Saturday, June 6, 2015

Beauty of the Ozarks at 5,000 Feet

The Ozark Mountain region of Arkansas holds a myriad of beautiful sights and notable locations. One walk along the Buffalo National River will attest to that, and yet so much more is held within the hills of this region. Forests, caverns, creeks, and rivers, all adorned by regal bluff lines towering overhead. Crystal clear waters flow through untouched woodlands where creatures great and small live in protected bliss. A resident of this region for over 30 years, I knew all the beauty this area held at ground level, but nothing could compare to a view I experienced recently.

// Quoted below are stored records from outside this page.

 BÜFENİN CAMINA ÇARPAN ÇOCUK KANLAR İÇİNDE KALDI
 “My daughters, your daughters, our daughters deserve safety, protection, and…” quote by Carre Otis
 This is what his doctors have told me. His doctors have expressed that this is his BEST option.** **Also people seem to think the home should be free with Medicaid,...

I luck into things, occasionally.

I have the good fortune of working with someone whose preferred mode of transportation is a small plane, and as this luck of mine would have it, we had a meeting on the west side of the state this week. I've flown with him several times before, but always on clear days with maybe a wispy cloud in the distance. This time, something about the partly cloudy skies changed everything I thought about my Ozark Mountains.

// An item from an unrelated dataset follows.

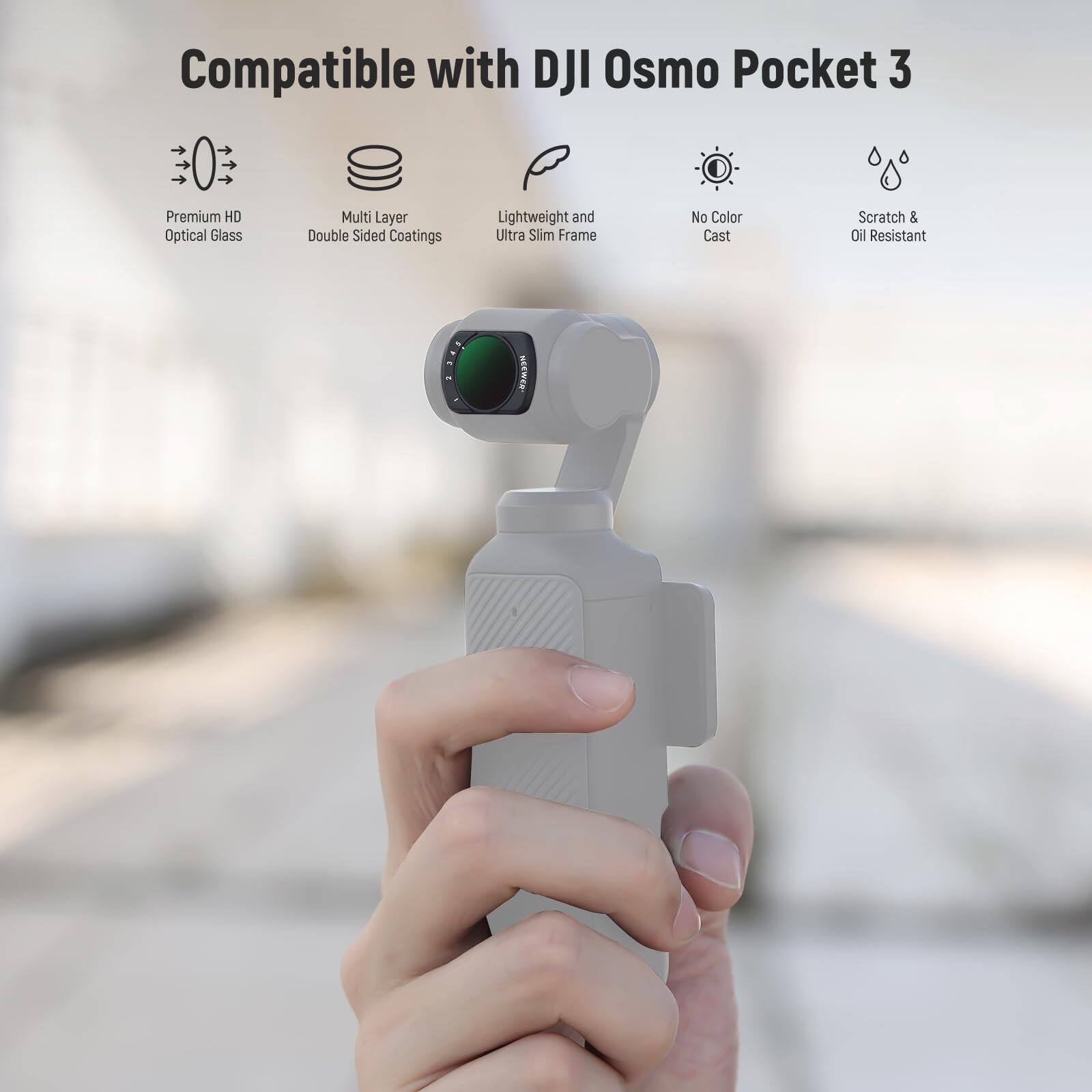 Compatible with DJI Osmo Pocket 3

On a clear day, an aerial view shows the vast green forests, with serpentine rivers cutting their paths, and ridges beyond ridges of layered vistas. On a partly cloudy day though, the shadows cast by the clouds on the landscape somehow enhanced the definition of the hills, illustrating the graduated misty colors all the way to the horizon. Through each break in the clouds, the hills put on their best show, but the clouds created their own production right outside my window. The region somehow looked different to me, more beautiful, perhaps because I have never seen it from that view, wearing its best outfit. Until then, I never really knew it.

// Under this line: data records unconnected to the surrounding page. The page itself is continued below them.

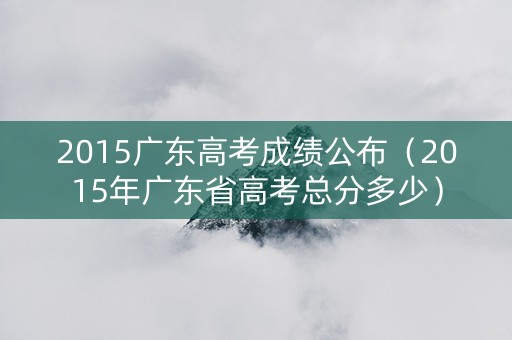2015广东高考成绩公布（2015年广东省高考总分多少）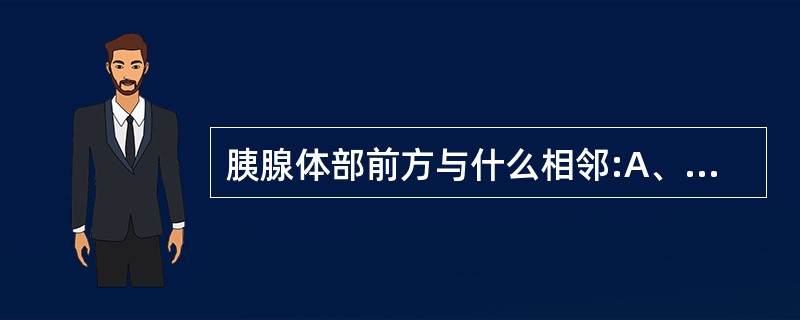 胰腺体部前方与什么相邻:A、胃的背侧(后壁)B、大网膜囊C、脾静脉D、以上各项均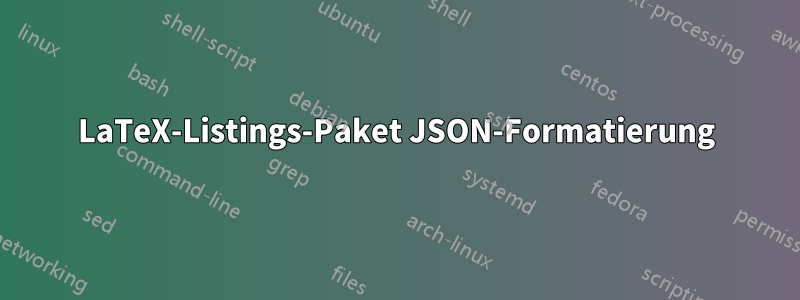 LaTeX-Listings-Paket JSON-Formatierung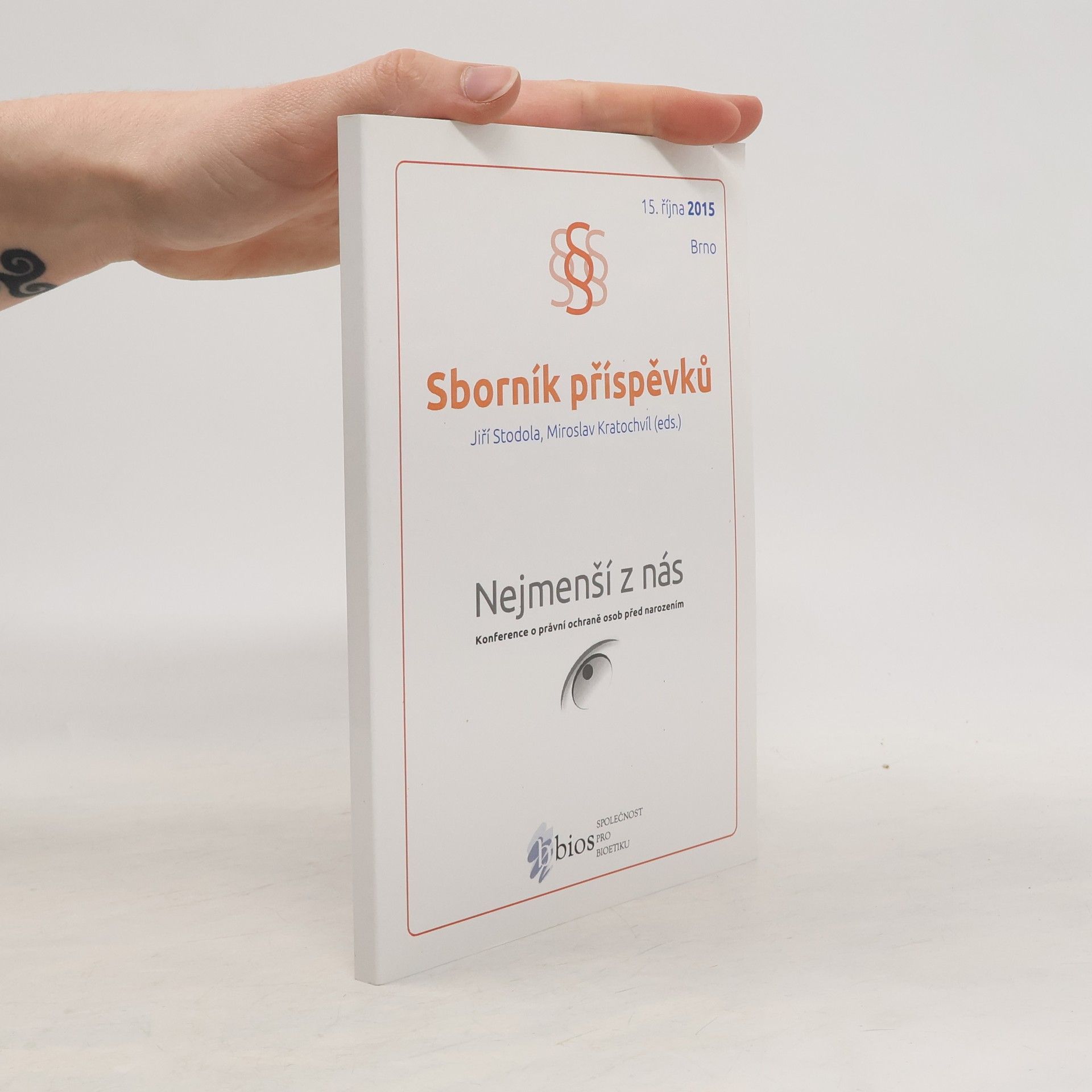 Miroslav Kratochvíl Nejmenší z nás 2016: Sborník příspěvků interdisciplinární konference o právní ochraně osob před narozením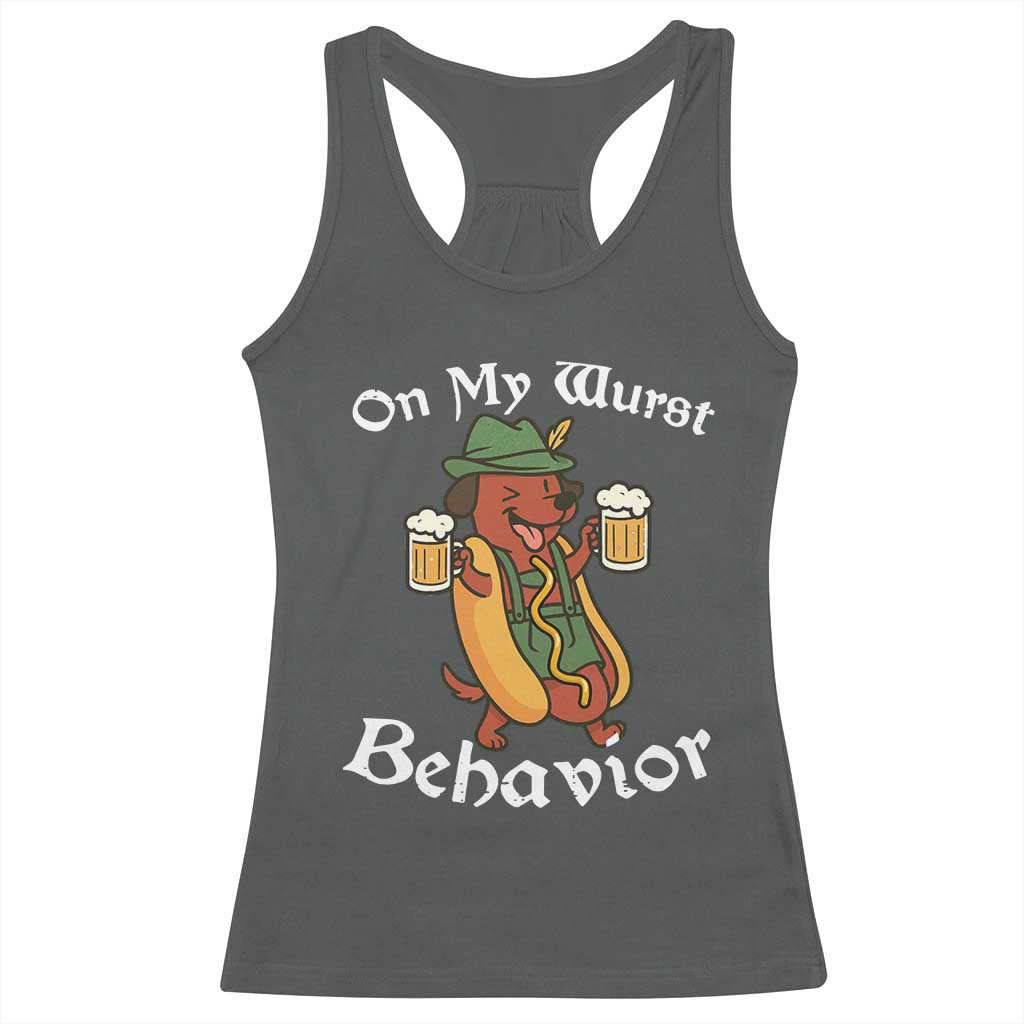 Oktoberfest On My Wurst Behavior Racerback Tank Top Funny German TS10 Dark Heather Print Your Wear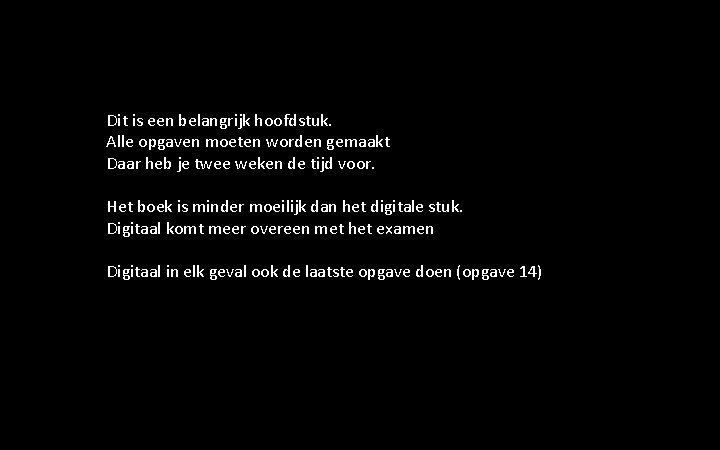 Dit is een belangrijk hoofdstuk. Alle opgaven moeten worden gemaakt Daar heb je twee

Flying through clouds on a commercial airliner loses something. The magic is stunted by the sheer size and altitude of it all. Small crafts, however, put you right at eye level to these clouds, close enough to introduce yourself. All the tension I had felt earlier in the day faded away as I watched out my window to see the puff and billow of new clouds forming, while the ever-transforming shapes whooshed past us. This flight was different. This flight showed me the best of Arkansas. This was the day that I saw its truest beauty in all it intoxicating wonder.